Data collection was approved by the local ethical review board. All specifics of the data set are described in a separate manuscript accompanying the data that will be made publicly available.
3.3 Data preprocessing
Minimal BOLD data preprocessing was performed using FSL v5.0. Volumes were first aligned within each 12 min run to their center volume (run-specific reference volume). Next, all reference volumes were aligned to the center volume of the first run (global reference volume). The run-specific transformations were applied to all volumes to align them with the global reference volume.

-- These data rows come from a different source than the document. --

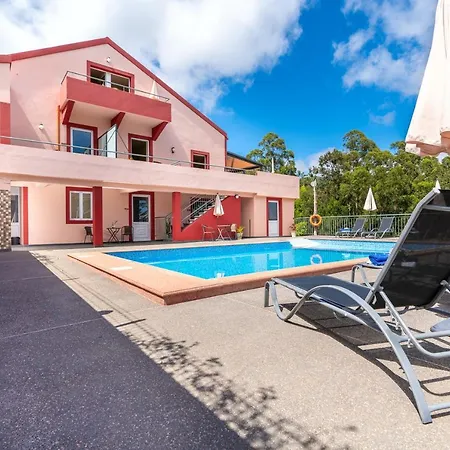 Modern In Prazeres With Shared Pool, 150 M²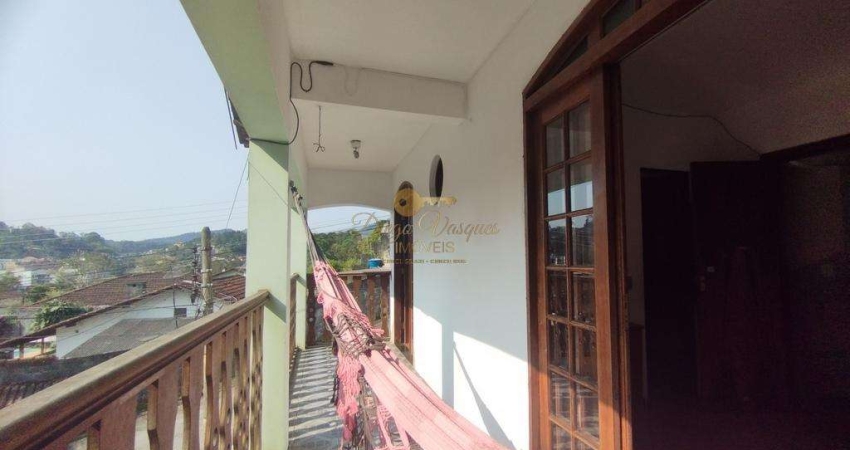 Casa para Venda em Teresópolis, Bom Retiro, 2 dormitórios, 1 suíte, 3 banheiros, 1 vaga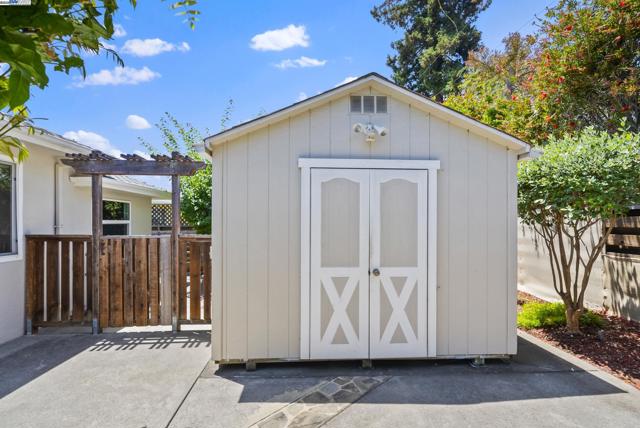 4301 Norris Rd, Fremont CA: https://media.crmls.org/mediaz/29feb9ee-087f-461c-8565-d92ee4a1855a.jpg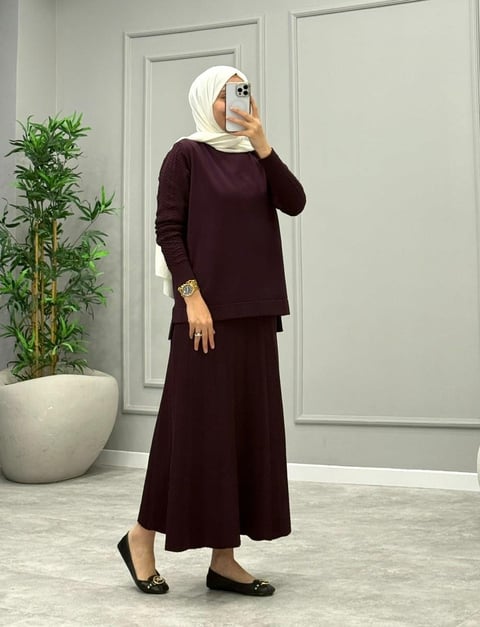 LARİN ETEKLİ TAKIM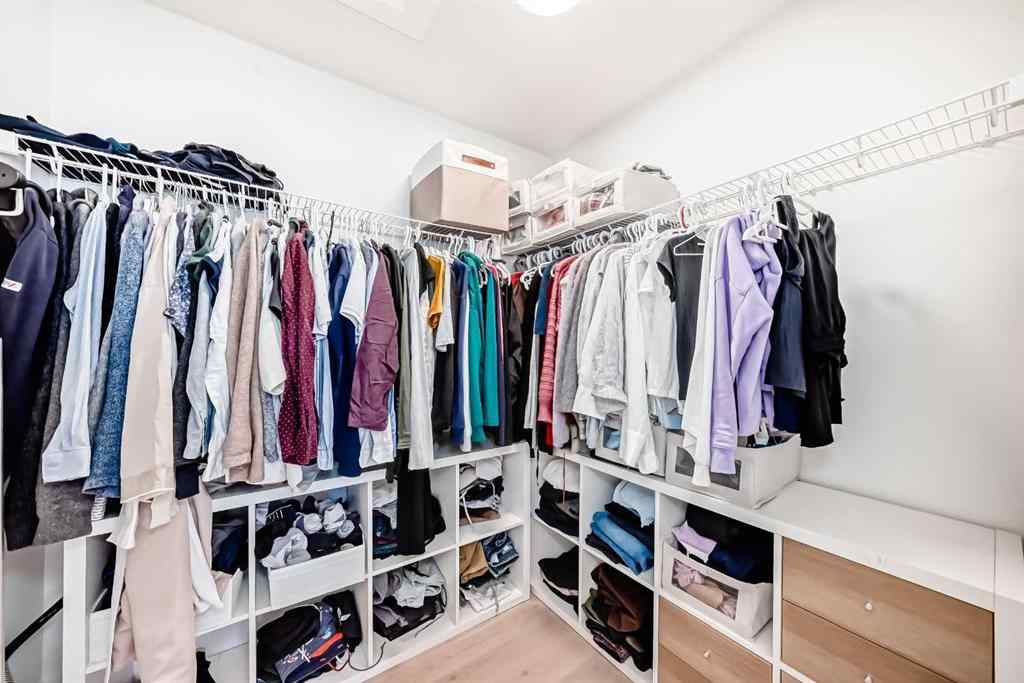 MLS® A2266336 - 26 Treeline Common SW in Alpine Park Calgary, Residential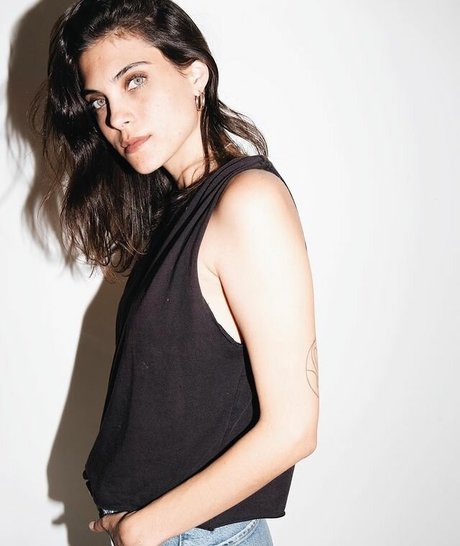 Meyran Menkes star high quality photo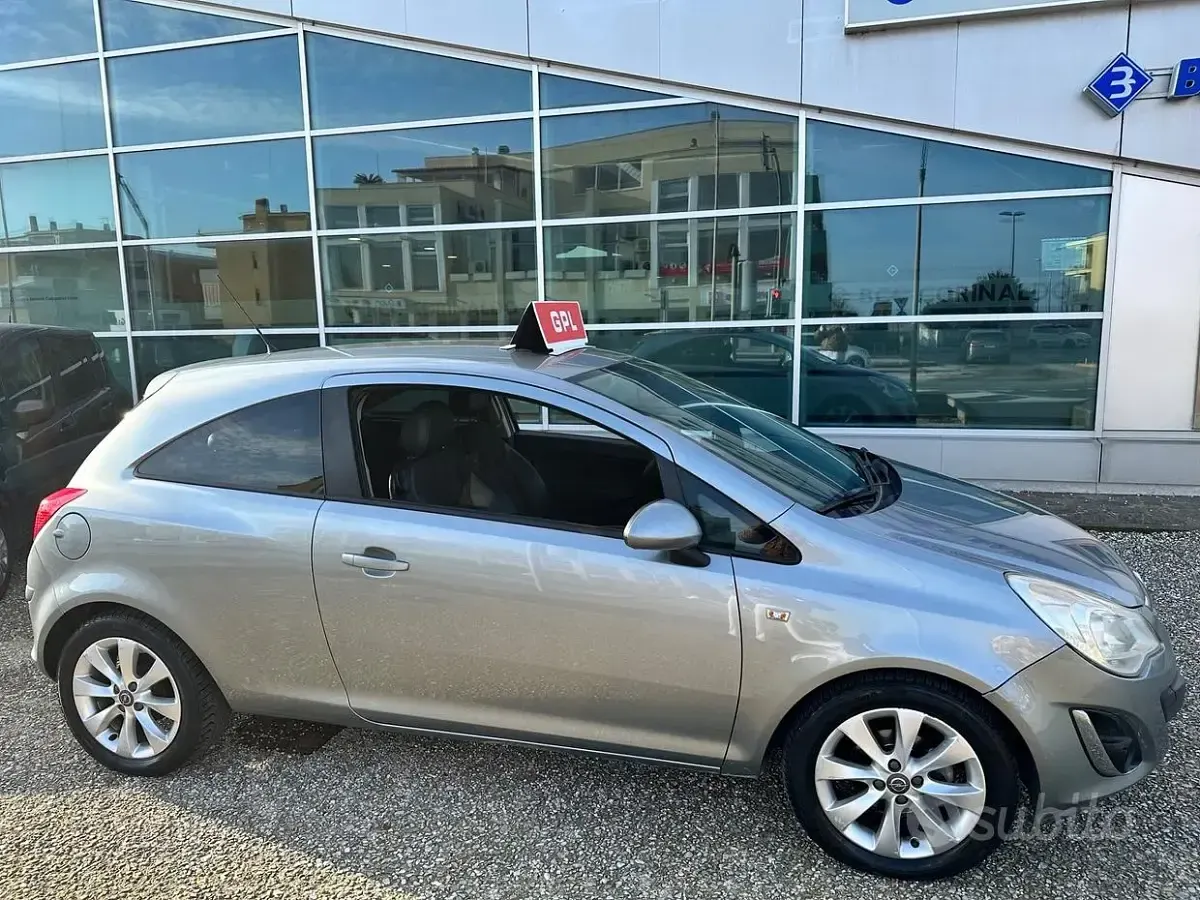 Begagnad Opel Corsa 86 HK (63 kW) 2012 Grå Halvkombi
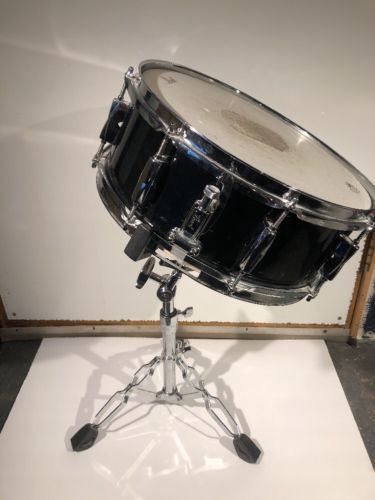 Pearl EXPORT Series Ebony Black 5 1/2 x 14 Snare Drum Great conditionwith Stand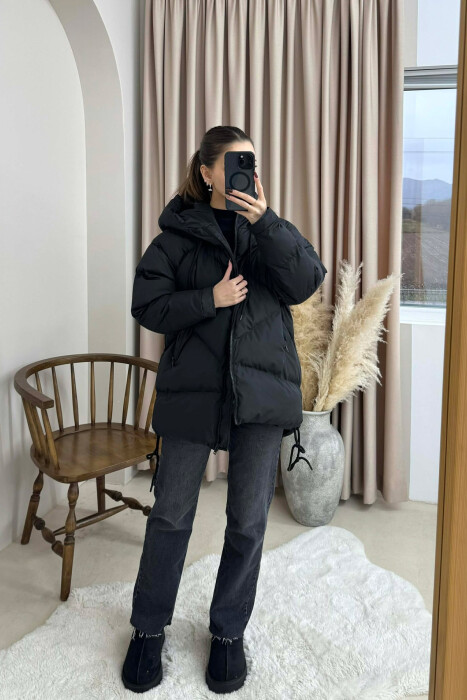 ONE COLOR HOODED LACE DETAIL PUFFER WOMAN JACKET BLACK/ E ZEZE - 2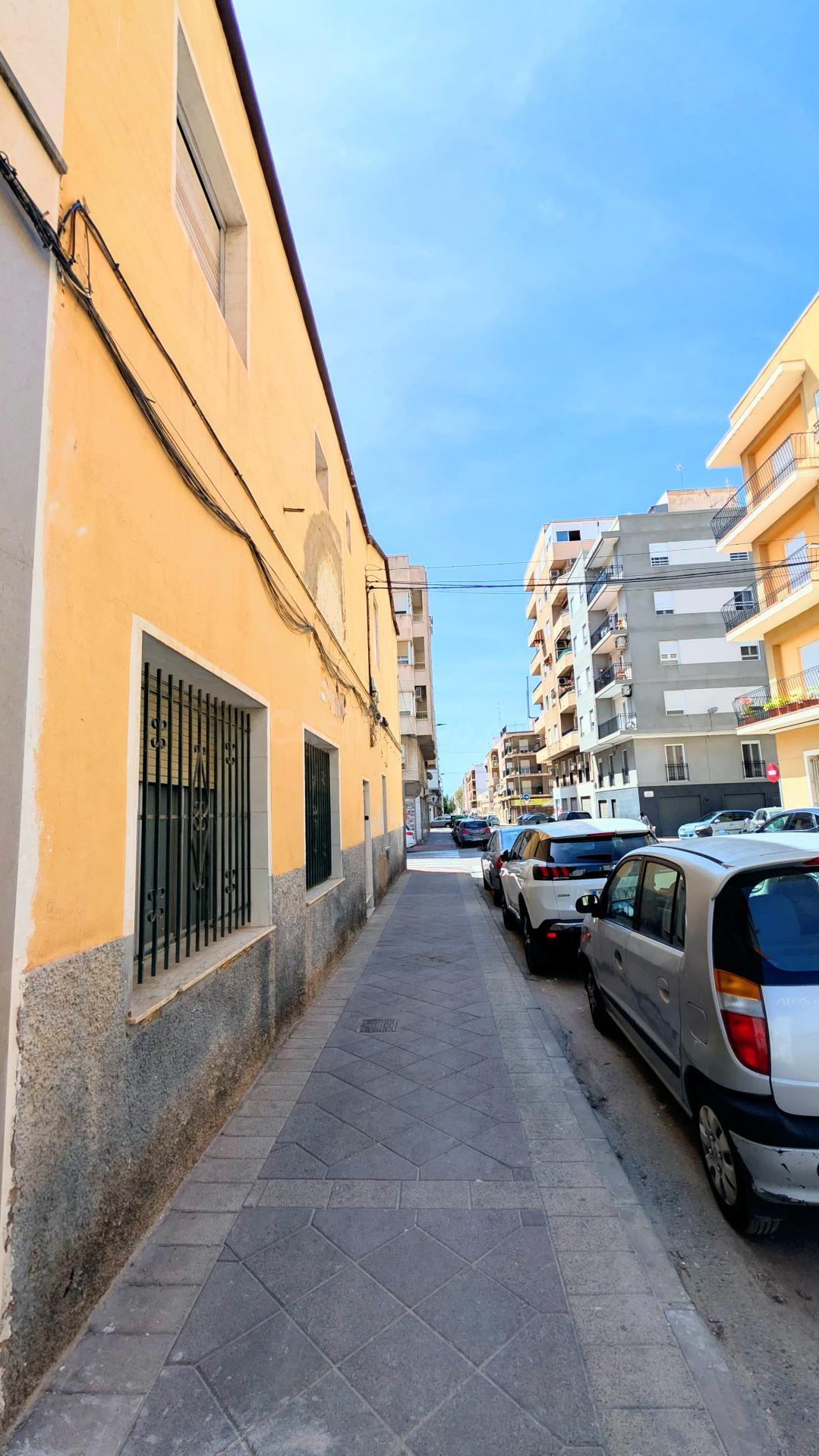 SOLAR EN VENTA DE ESQUINA, TODO EXTERIOR, 165 M2, POSIBILIDA - foto 5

The signal of every voxel used in the model was linearly detrended, then standardized (demeaning, unit variance) per run. Test set BOLD data was averaged over repetitions to increase signal to noise ratio, and as a final step the result was standardized again. A fixed delay of 7 TRs (4.9 s) was used to associate stimulus video chunks with responses and allow the model to learn voxel-specific HRF delays within Ut. With the video segments covering 3 TRs starting from the fixed delay, the BOLD signal corresponding to a stimulus is thus expected to occur within a time window of 4.9 s to 6.3 s after the onset of the segment. As there were small differences between frame rates in the train and test sets we converted the stimulus videos to a uniform frame rate of 23.86 Hz (16 frames per TR) for training the example model. To reduce model complexity we downsampled the videos to 112 × 112. As the model operates on three consecutive TRs, the training input size was 112 × 112 × 48. The stimuli were converted to greyscale prior to presenting them to the model. Otherwise stimuli were left just as they were presented in the experiment.
3.4 Model architecture
We implemented a purely feed-forward architecture for modeling parts of the visual system (LGN, V1, V2, V3, FFA and MT). The used architecture is illustrated in detail in Figure 2. FFA and MT have their own tensors originating from V3 to allow for a simplified model of the interactions between upstream and downstream areas. We intentionally used a simplified model to focus on demonstrating the capabilities of the NIF framework. To model LGN output, we used a linear layer consisting of a single 3 × 3 × 1 spatial convolutional kernel. The model was trained for 11 epochs with a batch size of 3, using the Adam optimizer (Kingma and Ba, 2014) with learning rate α = 5 × 10-4. Weights were initialized with Gaussian distributions scaled by the number of feature maps in every layer (He et al., 2015).
4 Results
In this paper, we focus on the processing of visual information. In the following, we show that a NIF model uncovers meaningful characteristics of the visual system.
4.1 Response prediction
After training the NIF model, we observed that BOLD responses in a majority of voxels in each brain region could be significantly predicted by the model (p < 0.01, Bonferroni-corrected for the total number of gray matter voxels). This is illustrated in Figure 3, showing voxel-wise correlations between predicted and observed test data per region. The results show that the NIF model indeed generates realistic brain activity in response to unseen input stimuli (out-of-sample prediction).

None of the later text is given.